AIM OF THE TASK
Repeat only the lines below from the one containing "A close-up of" through the one containing "Goldfren Přední brzdové", inclusive, exactly as written.

··· RAW DATA

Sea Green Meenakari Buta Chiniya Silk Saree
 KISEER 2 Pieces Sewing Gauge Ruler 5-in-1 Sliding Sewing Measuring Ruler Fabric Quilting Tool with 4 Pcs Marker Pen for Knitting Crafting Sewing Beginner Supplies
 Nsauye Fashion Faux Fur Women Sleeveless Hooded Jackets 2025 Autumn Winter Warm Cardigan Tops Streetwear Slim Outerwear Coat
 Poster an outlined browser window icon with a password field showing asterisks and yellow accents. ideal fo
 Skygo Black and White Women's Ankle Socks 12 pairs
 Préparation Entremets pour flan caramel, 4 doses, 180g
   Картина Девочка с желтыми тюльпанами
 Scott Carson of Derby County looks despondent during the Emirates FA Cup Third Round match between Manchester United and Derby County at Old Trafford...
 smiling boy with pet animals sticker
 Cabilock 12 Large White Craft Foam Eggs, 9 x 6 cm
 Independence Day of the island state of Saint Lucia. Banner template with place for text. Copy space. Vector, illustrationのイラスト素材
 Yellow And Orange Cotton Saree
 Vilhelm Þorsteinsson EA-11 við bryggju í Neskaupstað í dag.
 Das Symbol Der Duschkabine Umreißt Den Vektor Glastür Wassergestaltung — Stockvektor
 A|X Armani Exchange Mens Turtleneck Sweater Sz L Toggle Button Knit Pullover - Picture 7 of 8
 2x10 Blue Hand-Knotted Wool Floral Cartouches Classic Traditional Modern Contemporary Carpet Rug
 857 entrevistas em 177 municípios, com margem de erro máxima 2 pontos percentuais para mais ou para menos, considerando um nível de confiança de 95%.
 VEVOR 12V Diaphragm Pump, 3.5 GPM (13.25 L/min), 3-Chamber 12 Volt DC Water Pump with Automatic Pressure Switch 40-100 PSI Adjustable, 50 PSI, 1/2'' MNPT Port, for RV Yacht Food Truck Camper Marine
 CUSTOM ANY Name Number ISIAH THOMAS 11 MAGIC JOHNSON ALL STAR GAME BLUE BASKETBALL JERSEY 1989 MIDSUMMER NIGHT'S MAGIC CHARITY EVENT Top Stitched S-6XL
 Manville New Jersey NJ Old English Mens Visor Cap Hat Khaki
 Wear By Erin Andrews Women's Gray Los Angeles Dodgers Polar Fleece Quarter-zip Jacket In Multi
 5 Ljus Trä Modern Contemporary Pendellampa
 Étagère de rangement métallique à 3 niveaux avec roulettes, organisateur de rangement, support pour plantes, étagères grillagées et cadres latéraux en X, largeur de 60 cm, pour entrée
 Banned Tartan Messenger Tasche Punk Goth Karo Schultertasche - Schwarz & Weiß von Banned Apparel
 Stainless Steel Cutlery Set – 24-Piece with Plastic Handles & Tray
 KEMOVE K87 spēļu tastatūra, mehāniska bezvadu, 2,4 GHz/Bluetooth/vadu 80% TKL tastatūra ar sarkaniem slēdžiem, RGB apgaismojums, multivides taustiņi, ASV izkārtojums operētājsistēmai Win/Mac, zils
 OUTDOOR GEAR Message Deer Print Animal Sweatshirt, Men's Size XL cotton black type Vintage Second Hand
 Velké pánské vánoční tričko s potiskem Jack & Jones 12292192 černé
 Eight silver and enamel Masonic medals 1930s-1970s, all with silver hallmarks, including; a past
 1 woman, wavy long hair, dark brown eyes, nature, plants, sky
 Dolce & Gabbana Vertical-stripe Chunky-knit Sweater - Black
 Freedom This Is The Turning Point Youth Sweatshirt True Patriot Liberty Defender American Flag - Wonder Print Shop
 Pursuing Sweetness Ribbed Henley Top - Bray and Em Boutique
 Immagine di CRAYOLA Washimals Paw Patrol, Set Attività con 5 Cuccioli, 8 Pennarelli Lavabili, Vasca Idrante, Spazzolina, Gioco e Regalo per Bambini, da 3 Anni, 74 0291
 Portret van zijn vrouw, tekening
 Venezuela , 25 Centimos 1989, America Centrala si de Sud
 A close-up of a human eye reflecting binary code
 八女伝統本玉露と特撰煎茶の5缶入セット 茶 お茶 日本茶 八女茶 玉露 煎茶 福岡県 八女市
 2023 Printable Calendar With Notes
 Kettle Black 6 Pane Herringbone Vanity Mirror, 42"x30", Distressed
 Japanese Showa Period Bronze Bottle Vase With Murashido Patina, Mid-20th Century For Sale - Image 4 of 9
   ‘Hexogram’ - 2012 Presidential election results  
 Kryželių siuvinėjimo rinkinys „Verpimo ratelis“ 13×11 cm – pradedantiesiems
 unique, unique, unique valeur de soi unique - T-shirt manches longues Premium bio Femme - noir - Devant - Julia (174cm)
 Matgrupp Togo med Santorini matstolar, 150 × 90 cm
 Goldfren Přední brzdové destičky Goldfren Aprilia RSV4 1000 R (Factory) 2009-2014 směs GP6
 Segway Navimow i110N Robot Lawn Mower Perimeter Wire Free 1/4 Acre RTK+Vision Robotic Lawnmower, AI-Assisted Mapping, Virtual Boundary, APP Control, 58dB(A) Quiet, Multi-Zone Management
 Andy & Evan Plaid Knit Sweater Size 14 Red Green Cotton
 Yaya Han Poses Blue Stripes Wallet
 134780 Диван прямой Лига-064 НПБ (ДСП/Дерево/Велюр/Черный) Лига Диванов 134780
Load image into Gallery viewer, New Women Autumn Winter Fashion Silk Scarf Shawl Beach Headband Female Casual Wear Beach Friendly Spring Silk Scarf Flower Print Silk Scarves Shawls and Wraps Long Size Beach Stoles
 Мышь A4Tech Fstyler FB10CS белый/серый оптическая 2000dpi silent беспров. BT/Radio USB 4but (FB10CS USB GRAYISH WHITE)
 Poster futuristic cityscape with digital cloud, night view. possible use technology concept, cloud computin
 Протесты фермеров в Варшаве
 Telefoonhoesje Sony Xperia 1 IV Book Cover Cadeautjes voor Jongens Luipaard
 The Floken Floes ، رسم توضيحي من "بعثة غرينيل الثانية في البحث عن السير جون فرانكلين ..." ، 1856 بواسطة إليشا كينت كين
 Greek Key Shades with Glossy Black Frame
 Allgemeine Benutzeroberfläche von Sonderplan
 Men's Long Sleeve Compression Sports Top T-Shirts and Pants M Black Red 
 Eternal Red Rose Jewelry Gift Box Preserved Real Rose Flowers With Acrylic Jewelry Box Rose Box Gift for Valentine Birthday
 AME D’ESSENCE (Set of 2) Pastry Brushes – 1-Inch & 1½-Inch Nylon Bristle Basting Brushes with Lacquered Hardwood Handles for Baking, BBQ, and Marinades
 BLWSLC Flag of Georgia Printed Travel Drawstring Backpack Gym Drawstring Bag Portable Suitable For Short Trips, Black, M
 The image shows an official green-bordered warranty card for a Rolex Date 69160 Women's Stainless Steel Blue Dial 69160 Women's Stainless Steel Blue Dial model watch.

······

YOUR RESPONSE
 A close-up of a human eye reflecting binary code
 八女伝統本玉露と特撰煎茶の5缶入セット 茶 お茶 日本茶 八女茶 玉露 煎茶 福岡県 八女市
 2023 Printable Calendar With Notes
 Kettle Black 6 Pane Herringbone Vanity Mirror, 42"x30", Distressed
 Japanese Showa Period Bronze Bottle Vase With Murashido Patina, Mid-20th Century For Sale - Image 4 of 9
   ‘Hexogram’ - 2012 Presidential election results  
 Kryželių siuvinėjimo rinkinys „Verpimo ratelis“ 13×11 cm – pradedantiesiems
 unique, unique, unique valeur de soi unique - T-shirt manches longues Premium bio Femme - noir - Devant - Julia (174cm)
 Matgrupp Togo med Santorini matstolar, 150 × 90 cm
 Goldfren Přední brzdové destičky Goldfren Aprilia RSV4 1000 R (Factory) 2009-2014 směs GP6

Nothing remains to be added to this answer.